Presumably, this is a continuation of the older thread.
I had an _epi32 mergesort implemented from earlier time (*), and so repurposed it for the given task. No doubt a parallel version would scale rather nicely, too, though this I haven't tried. The 7360x4912 pixels of sciurine menace obtained via dcraw.
$ perf stat perl rgb48.pl squirrl.dat
[1452115604.189627] sort_and_uniq:
[ 0.294368] first binning
[ 0.250713] second binning
[ 0.352289] merge and count
squirrl.dat == 35556508
Performance counter stats for 'perl rgb48.pl squirrl.dat':
937.769123 task-clock # 1.000 CPUs utilized
13 context-switches # 0.014 K/sec
0 cpu-migrations # 0.000 K/sec
55529 page-faults # 0.059 M/sec
2775248733 cycles # 2.959 GHz
1375100650 stalled-cycles-frontend # 49.55% frontend cycles idle
588508119 stalled-cycles-backend # 21.21% backend cycles idle
3397637328 instructions # 1.22 insns per cycle
# 0.40 stalled cycles per insn
310595954 branches # 331.207 M/sec
9170806 branch-misses # 2.95% of all branches
0.937321108 seconds time elapsed
Note, this is Lynnfield CPU without avx. Same test in a timethis loop:
timethis 10: 8 wallclock secs ( 8.33 usr + 0.00 sys = 8.33 CPU) @ 1.20/s (n=10)

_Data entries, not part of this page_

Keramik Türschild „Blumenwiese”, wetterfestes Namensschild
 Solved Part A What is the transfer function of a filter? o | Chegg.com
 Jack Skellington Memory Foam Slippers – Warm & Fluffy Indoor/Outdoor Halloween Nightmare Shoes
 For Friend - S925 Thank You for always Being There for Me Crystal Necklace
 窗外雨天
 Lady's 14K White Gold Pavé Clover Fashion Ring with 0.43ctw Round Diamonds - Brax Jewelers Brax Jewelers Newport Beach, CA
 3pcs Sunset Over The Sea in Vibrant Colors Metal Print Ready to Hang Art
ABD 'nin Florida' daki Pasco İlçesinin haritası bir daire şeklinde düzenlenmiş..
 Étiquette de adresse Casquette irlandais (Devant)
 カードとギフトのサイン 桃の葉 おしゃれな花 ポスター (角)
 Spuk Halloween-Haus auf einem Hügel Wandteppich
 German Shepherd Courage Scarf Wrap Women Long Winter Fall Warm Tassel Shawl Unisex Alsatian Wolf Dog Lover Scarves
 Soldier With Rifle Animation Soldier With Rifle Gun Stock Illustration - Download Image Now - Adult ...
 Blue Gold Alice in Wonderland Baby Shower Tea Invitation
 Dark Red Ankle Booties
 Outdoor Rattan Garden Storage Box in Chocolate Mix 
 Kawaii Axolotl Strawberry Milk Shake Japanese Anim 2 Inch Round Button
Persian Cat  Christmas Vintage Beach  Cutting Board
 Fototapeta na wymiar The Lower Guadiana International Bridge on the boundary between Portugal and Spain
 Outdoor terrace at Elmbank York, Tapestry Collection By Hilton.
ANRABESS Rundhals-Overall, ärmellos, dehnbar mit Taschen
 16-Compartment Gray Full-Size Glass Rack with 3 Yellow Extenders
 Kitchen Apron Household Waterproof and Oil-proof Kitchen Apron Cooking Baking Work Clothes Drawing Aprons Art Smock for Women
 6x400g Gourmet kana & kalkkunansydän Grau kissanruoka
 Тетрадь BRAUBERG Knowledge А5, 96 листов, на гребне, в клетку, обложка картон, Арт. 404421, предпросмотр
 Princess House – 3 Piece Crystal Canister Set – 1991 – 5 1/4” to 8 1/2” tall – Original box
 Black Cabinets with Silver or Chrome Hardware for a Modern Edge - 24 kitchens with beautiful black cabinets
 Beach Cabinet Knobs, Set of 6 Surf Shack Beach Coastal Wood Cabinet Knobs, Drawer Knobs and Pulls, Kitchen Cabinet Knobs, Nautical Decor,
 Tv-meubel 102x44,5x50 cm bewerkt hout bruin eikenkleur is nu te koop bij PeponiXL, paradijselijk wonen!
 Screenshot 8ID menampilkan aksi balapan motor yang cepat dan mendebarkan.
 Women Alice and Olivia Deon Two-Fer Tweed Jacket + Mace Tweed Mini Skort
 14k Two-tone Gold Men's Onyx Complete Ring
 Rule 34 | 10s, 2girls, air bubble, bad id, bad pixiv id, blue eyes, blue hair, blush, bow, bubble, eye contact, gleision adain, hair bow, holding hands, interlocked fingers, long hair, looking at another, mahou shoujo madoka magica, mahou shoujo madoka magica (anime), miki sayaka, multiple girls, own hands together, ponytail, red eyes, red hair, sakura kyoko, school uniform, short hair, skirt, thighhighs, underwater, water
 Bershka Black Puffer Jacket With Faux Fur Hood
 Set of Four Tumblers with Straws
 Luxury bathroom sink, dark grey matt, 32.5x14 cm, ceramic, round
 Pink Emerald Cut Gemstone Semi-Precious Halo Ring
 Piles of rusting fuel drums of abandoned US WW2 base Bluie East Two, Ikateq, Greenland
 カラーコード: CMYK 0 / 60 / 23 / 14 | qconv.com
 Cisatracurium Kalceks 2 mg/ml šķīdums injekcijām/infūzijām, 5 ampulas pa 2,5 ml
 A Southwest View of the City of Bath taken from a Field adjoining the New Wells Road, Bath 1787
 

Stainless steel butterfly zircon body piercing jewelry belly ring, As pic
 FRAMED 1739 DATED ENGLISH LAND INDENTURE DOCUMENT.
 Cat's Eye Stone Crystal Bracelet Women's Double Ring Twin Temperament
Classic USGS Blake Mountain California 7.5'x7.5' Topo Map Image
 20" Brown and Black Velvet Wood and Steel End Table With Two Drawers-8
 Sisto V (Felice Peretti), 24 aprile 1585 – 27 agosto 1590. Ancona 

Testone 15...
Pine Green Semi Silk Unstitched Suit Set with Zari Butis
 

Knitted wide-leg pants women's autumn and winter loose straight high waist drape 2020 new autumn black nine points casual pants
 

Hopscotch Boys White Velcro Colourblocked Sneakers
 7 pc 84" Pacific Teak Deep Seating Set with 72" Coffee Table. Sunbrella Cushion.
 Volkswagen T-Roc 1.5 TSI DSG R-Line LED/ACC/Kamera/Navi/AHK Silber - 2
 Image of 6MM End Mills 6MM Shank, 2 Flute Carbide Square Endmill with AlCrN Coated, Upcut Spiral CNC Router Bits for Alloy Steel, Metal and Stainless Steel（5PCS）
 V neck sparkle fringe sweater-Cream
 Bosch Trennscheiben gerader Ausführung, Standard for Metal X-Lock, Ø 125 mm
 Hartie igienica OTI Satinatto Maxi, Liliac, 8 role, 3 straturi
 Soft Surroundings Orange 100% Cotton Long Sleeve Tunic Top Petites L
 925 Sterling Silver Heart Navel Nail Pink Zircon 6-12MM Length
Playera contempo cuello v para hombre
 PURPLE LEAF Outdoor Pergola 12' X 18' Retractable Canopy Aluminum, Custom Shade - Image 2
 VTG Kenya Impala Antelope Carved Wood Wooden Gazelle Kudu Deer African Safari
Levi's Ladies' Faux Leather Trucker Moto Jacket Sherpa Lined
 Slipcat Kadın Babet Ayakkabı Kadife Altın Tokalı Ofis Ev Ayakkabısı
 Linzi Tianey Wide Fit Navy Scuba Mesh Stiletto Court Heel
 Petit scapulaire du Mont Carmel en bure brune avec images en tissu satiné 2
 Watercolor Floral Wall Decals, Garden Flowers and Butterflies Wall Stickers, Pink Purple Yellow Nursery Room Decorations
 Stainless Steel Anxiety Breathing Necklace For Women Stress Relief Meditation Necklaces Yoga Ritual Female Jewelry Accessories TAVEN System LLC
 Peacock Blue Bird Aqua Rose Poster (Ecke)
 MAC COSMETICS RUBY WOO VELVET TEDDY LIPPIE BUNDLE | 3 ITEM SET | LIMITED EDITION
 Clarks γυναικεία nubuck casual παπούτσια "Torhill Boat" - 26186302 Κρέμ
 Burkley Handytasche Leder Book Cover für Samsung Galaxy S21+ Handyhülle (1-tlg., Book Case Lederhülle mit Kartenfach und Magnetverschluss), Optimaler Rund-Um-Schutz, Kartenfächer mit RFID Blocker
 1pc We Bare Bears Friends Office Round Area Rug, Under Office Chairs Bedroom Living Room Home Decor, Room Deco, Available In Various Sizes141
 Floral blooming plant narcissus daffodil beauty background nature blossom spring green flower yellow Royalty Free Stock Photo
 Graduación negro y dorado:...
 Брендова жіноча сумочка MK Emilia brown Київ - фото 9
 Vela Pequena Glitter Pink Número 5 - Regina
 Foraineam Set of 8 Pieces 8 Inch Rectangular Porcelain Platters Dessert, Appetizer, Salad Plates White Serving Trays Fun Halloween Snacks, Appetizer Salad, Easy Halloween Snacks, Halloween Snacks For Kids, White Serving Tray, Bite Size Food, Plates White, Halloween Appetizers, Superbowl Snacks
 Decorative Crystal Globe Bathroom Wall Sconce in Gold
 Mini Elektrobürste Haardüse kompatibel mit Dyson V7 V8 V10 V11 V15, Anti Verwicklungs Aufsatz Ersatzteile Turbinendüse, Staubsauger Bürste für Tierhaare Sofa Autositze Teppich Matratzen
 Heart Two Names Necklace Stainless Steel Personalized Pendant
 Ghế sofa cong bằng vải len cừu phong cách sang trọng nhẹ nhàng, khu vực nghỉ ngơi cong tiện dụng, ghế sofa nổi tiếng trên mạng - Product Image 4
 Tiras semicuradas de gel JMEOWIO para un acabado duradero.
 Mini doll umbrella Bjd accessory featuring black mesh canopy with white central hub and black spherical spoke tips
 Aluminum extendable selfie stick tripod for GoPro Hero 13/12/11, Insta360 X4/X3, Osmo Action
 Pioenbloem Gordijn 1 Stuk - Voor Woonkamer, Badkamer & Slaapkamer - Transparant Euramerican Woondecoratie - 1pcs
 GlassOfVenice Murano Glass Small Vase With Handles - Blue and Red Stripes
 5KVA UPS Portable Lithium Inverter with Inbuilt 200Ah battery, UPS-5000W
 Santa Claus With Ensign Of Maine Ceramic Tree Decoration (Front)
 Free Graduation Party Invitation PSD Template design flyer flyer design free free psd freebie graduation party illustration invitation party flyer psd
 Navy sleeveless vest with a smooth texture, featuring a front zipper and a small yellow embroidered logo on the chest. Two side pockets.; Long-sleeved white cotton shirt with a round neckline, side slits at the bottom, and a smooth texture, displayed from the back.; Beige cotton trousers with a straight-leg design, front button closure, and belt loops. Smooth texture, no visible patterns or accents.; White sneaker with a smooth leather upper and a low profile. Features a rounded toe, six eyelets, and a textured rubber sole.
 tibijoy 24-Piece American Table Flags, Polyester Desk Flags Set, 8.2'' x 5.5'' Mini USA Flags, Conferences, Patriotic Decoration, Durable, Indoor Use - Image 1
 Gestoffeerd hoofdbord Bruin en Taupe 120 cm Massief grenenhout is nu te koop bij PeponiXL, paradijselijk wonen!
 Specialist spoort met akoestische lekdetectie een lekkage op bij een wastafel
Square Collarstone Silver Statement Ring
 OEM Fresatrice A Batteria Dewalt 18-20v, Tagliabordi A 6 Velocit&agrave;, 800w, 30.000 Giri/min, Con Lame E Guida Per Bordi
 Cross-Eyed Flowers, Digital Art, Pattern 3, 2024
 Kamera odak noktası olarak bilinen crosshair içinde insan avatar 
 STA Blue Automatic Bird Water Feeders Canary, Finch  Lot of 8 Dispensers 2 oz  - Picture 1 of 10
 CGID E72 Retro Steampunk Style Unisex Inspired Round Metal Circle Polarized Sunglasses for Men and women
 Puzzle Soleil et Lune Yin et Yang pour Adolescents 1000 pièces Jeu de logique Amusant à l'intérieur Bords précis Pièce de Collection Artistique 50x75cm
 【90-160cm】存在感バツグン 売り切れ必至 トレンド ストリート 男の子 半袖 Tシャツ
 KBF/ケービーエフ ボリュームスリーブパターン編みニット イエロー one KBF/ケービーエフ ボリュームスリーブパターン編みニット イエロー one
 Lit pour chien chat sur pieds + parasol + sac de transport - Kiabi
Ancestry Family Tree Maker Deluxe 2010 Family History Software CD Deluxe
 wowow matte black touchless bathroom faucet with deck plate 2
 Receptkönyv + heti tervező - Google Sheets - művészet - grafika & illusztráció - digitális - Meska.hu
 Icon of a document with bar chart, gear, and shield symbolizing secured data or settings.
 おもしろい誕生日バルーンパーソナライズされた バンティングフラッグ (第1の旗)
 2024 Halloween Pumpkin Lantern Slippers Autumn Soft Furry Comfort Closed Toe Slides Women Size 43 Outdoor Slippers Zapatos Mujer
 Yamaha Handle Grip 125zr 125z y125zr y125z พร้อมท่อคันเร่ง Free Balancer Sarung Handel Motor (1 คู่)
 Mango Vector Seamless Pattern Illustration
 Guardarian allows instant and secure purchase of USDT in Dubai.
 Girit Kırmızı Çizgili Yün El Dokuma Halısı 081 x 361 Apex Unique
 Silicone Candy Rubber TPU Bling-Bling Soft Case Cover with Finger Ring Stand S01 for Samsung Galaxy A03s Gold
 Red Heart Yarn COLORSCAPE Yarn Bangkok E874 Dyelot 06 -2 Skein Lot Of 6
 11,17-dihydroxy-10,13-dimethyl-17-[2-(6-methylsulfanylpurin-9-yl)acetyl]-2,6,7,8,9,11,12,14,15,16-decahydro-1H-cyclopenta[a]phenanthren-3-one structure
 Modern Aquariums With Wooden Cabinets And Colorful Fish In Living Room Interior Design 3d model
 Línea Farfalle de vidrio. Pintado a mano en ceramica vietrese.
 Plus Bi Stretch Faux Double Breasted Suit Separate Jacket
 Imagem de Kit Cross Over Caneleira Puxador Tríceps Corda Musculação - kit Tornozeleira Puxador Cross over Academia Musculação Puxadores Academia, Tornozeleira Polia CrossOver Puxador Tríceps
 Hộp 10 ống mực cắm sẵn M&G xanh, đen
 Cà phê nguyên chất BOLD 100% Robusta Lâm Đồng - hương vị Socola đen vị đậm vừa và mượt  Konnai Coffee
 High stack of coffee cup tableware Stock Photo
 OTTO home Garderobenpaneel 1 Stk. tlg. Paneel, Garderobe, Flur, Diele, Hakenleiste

There are other optimized sort implementations out there. Intel IPP (Integrated Performance Primitives) has the following routines, among myriad others
IppStatus IppsSortAscend_32s_I(Ipp32s* pSrcDst, int len);
IppStatus IppsSortAscend_64f_I(Ipp64f* pSrcDst, int len);
IppStatus IppsSortRadixAscend_32u_I(Ipp32u* pSrcDst, Ipp32u* pTmp, Ipp32s len);
...
I'd expect these to provide a well-optimized solution for any Intel platform.